Given information:
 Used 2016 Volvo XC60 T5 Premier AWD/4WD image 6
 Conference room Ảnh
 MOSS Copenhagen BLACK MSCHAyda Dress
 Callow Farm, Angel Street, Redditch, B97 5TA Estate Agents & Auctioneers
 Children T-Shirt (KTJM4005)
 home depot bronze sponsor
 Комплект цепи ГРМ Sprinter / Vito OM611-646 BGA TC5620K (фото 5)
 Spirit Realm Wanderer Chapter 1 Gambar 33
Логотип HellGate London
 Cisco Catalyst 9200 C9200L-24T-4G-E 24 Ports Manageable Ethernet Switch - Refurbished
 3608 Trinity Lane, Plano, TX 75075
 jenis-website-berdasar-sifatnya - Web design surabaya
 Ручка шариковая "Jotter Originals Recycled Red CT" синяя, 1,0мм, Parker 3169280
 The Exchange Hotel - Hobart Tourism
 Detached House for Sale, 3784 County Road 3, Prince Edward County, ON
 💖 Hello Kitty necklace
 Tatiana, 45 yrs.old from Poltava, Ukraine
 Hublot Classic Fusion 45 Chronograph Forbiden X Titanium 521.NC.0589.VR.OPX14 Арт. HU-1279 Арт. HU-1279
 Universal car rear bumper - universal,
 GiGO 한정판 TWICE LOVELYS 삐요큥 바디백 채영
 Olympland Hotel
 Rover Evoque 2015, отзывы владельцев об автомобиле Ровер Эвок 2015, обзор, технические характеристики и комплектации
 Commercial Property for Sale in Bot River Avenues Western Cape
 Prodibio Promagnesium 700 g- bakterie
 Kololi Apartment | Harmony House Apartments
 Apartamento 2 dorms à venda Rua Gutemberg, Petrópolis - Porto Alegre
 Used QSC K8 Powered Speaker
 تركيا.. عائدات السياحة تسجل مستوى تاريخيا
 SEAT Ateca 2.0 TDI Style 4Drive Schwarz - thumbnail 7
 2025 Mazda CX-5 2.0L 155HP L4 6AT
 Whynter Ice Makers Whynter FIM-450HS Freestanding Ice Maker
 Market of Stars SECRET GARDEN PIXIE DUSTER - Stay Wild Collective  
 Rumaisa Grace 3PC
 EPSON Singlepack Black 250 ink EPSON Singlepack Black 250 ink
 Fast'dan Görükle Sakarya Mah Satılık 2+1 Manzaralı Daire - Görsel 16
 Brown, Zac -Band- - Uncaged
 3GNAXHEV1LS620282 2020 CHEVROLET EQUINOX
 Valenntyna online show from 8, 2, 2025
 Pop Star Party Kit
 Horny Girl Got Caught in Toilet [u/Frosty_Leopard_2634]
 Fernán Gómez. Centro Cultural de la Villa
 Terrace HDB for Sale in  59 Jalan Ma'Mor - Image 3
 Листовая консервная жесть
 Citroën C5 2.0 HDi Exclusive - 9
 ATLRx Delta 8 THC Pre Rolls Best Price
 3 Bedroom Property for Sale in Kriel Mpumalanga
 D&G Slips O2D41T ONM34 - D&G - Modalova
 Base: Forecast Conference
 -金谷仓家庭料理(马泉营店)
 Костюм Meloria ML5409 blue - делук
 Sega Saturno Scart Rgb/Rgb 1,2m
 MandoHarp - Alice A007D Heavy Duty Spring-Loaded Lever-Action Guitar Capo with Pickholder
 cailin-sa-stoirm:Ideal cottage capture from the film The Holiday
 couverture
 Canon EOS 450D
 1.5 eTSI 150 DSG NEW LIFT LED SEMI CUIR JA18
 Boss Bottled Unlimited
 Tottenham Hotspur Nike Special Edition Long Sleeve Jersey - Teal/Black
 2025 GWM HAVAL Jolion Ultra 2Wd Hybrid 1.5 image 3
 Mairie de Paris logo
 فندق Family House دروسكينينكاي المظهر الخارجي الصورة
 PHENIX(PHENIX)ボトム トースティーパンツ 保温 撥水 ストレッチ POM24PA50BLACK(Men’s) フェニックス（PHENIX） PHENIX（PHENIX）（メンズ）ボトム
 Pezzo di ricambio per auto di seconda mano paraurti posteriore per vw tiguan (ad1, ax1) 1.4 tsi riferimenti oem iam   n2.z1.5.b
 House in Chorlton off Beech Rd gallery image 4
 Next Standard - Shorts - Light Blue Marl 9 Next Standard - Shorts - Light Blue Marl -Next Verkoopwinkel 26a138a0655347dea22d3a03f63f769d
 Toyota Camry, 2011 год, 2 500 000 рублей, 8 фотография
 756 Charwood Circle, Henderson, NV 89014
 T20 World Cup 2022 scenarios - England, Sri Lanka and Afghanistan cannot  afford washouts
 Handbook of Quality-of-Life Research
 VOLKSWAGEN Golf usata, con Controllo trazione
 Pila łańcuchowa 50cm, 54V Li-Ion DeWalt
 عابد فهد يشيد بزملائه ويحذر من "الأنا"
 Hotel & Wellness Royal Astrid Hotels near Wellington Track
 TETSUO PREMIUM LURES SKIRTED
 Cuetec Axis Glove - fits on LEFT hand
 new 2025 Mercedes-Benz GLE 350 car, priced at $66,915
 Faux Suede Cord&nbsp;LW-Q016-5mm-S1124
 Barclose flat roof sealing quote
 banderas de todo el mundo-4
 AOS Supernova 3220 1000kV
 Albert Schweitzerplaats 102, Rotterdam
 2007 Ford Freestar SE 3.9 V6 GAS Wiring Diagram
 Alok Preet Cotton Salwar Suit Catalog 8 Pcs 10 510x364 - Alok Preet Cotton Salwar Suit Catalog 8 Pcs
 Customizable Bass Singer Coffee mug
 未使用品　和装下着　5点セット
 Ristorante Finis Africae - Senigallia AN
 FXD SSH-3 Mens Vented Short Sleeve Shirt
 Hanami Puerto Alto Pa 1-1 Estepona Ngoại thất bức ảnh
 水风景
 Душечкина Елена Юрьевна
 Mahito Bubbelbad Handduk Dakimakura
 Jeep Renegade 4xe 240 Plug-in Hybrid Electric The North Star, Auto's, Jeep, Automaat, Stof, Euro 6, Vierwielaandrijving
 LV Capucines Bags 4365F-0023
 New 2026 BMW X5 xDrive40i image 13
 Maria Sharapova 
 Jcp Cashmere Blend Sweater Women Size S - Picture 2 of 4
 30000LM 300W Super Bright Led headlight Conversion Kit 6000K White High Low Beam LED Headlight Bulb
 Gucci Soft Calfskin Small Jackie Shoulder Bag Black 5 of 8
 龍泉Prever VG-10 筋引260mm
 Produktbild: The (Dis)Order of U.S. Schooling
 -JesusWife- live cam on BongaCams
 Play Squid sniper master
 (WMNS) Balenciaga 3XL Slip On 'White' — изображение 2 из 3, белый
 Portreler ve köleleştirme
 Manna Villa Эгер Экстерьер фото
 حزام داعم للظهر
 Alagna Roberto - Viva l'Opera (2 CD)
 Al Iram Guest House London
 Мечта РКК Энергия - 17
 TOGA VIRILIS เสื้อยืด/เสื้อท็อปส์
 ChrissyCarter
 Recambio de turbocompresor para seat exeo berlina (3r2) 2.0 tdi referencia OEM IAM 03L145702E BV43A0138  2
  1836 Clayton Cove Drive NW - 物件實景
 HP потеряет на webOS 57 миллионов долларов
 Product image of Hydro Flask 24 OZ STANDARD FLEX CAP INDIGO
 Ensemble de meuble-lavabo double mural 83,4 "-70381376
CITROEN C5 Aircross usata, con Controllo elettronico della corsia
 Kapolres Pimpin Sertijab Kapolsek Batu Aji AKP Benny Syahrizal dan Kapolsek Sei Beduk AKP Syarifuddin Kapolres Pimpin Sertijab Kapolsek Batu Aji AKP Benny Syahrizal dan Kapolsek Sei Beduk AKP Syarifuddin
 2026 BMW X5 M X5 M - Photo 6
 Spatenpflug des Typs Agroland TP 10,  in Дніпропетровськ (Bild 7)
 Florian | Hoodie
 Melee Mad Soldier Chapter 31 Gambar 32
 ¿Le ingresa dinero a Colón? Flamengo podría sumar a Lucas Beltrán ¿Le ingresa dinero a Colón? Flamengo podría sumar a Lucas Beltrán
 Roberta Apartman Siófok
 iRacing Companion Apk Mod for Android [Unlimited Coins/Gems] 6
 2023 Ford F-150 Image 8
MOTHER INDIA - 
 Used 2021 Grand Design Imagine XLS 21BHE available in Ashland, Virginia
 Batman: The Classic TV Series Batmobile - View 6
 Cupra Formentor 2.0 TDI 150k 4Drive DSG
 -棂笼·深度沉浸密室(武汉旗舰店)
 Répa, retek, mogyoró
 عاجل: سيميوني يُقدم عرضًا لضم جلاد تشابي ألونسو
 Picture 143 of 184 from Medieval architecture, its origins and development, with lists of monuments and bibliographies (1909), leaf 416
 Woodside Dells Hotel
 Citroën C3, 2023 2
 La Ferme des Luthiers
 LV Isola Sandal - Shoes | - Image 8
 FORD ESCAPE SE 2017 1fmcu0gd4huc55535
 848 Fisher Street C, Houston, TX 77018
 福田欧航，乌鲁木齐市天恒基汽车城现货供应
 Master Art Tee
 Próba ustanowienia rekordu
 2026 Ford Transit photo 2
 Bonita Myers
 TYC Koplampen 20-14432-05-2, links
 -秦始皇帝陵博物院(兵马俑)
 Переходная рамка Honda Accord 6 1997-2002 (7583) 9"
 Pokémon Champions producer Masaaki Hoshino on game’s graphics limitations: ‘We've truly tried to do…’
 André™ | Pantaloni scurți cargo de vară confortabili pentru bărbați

Work to be completed:
Please, from the entries above, set down exactly the lines from the one containing "2023 Ford F-150 Image 8" through the one containing "Woodside Dells Hotel", and only those.

Solution to the problem:
 2023 Ford F-150 Image 8
MOTHER INDIA - 
 Used 2021 Grand Design Imagine XLS 21BHE available in Ashland, Virginia
 Batman: The Classic TV Series Batmobile - View 6
 Cupra Formentor 2.0 TDI 150k 4Drive DSG
 -棂笼·深度沉浸密室(武汉旗舰店)
 Répa, retek, mogyoró
 عاجل: سيميوني يُقدم عرضًا لضم جلاد تشابي ألونسو
 Picture 143 of 184 from Medieval architecture, its origins and development, with lists of monuments and bibliographies (1909), leaf 416
 Woodside Dells Hotel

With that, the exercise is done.